I returned to Shireet Tsagaan Nuur in the summer of 2002. Since my first visit a tourist map of the area had been published which showed the location of Shireet Tsagaan Nuur and other local landmarks. Still, we stopped at a herdsman’s ger in the valley of the Jargalant to get precise directions to the jeep track across the sand dunes. The young herdsman, after plying us airag (fermented mare’s milk), agreed to come along for the ride and show us the way, although now this would not have been necessary, as the jeep track appeared to be much more heavily used than before and was not at all hard to find. The herdsman said that now many Mongolians come here on outings and in the last couple of years even a few foreign tourist groups have started to show up.
Zanabazar’s original ger temple was supposedly located on a high hill overlooking the old lake bed— the lake which existed here in Zanabazar’s day has almost completely dried up—of Shireet Tsagaan Nuur, with Ikh Mongol Uul looming up just behind.. The site is surrounding on the other three sides by sand-dune covered hills. The site of the ger temple—the Shar Bösiyn Ord (the Yellow Sash Palace)—is marked by a ten-foot high white stupa. It was here that the four-year old boy was named as the first of Mongolia’s eight Bogd Gegens.

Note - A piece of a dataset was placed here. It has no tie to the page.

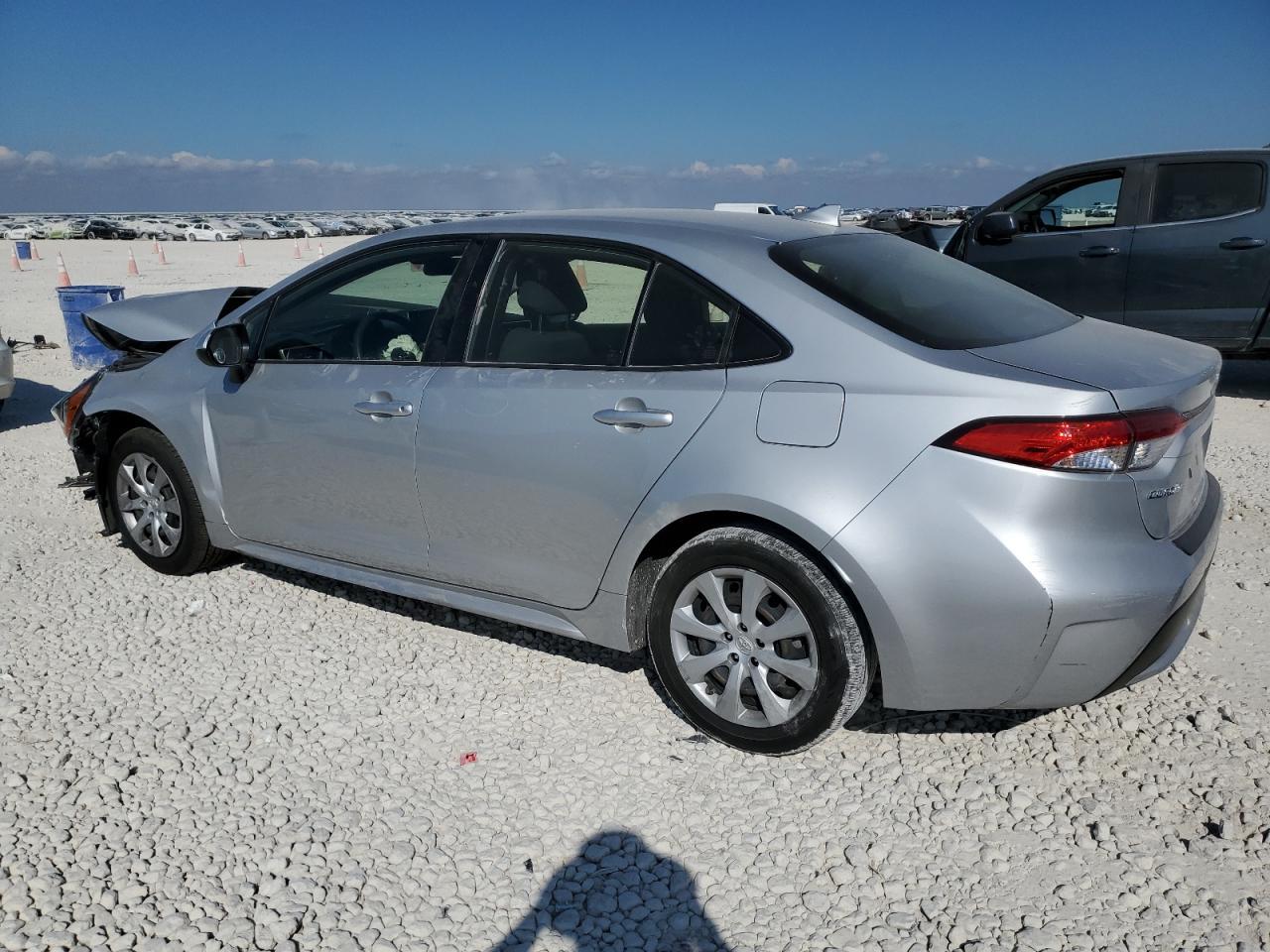 2021 Toyota Corolla Le - Фото 2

Ovoo marking the spot of Zanbazar's ger when he attended the ceremony naming him the first Bogd Gegen. The mountain Ikh Mongol Uul, which encloses the site on the fourth side, can be seen in the background (Location: N47º09.327 / E103º54.575).
This ger temple was the original core of Zanabazar’s traveling monastery, which eventually became known as Örgöö, meaning “palace” or “camp of an important person.” Örgöö would continually change places and transform itself many times until it finally settled at the confluence of the Tuul and Selbi rivers, in the large basin surrounded by the four holy mountains of Chingeltei Uul, Bayanzurkh Uul, Songino Uul , and Bogd Khan Uul, and became the foundation of the city of Ulaan Baatar. Thus Shireet Tsagaan Nuur is recognized as the original site of what is now Mongolia’s capital.

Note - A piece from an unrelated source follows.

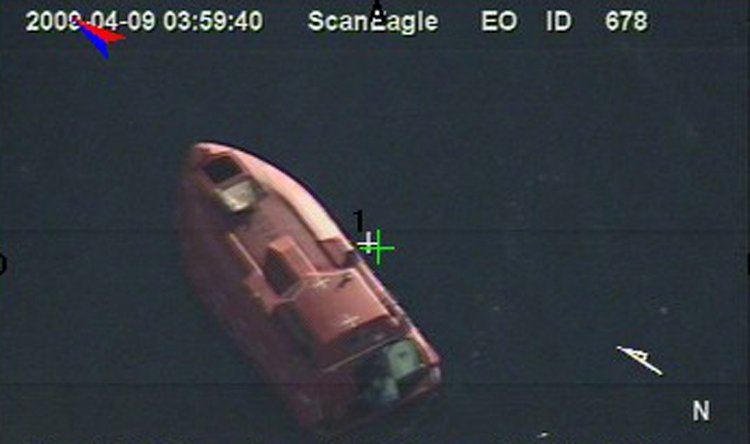La scialuppa di salvataggio della Maersk Alabama su cui fuggono i sequestratori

Since my first visit here mayor ’s office of the city of Ulaan Baatar has erected an eight-foot high stone slab at the base of the hill, at the edge of the old lake, commemorating the 360th anniversary of the founding here of what has become Ulaan Baatar. On the front, facing the stupa is a carved Mongolian inscription in Cyrillic alphabet with the date the monument was dedicated—October 29, 1999—and on the back is a much longer inscription in Old Mongolian vertical script. Above this inscription is the famous Soyombo symbol, which as we shall see was invented by Zanabazar, and which is now also found on the Mongolian flag, on Mongolian paper money, and many, many other places. Thus the city of Ulaan Baatar has given its imprimatur to Shireet Tsagaan Nuur as the original location of its founding.

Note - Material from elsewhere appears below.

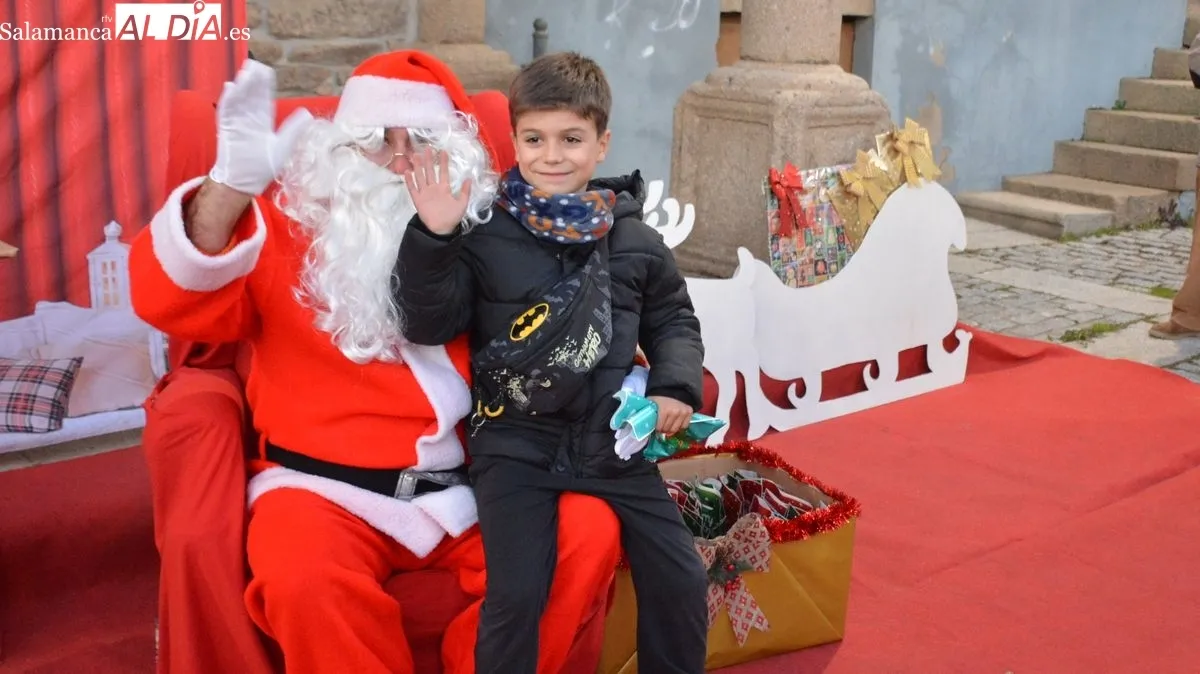 Foto 6 - Animado encuentro de Pap&aacute; Noel con los ni&ntilde;os y ni&ntilde;as en Lumbrales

Gegen-Setsen Khan, who ruled the Setsen Khanate centered around the valley of the Kherlen River to the east of the Tüsheet Khanate, heard that Khandujamtso was with child and wrote a letter to her husband Gombodorj. “Since the thought continually comes to me that through the power of the former good prayers of the kings, princes and dignitaries of the Khalka there will be born to you a fine boy of the golden family of Chinggis Khan, who has the majesty of heaven, and that this boy will be our leader,” the letter said in part. He also suggested that he and his entourage visit Gombodorj and conduct seven days of games, probably the traditional Mongolian contests of horse racing, wrestling, and archery. It was a wonderful time that year in central Mongolia. Rainfall was plentiful and the grass and forests were green and luxurious; birds were everywhere and their melodious songs filled the air; there were was no plague or other sickness and people enjoyed fine health; all sorts of good omens and auguries appeared and the sky was filled with rainbows. (Indeed, the atmospheric conditions which prevail on the steppe between Erdene Zuu and Yesön Zuil are conducive to rainbows; I myself have seen as many as twelve in the sky at once in this area.) Now the dreams of Gombodorj and Khandujamtso were filled with images of Buddhas and the sound of Buddhist scriptures being read. Thus passed the summer of 1635.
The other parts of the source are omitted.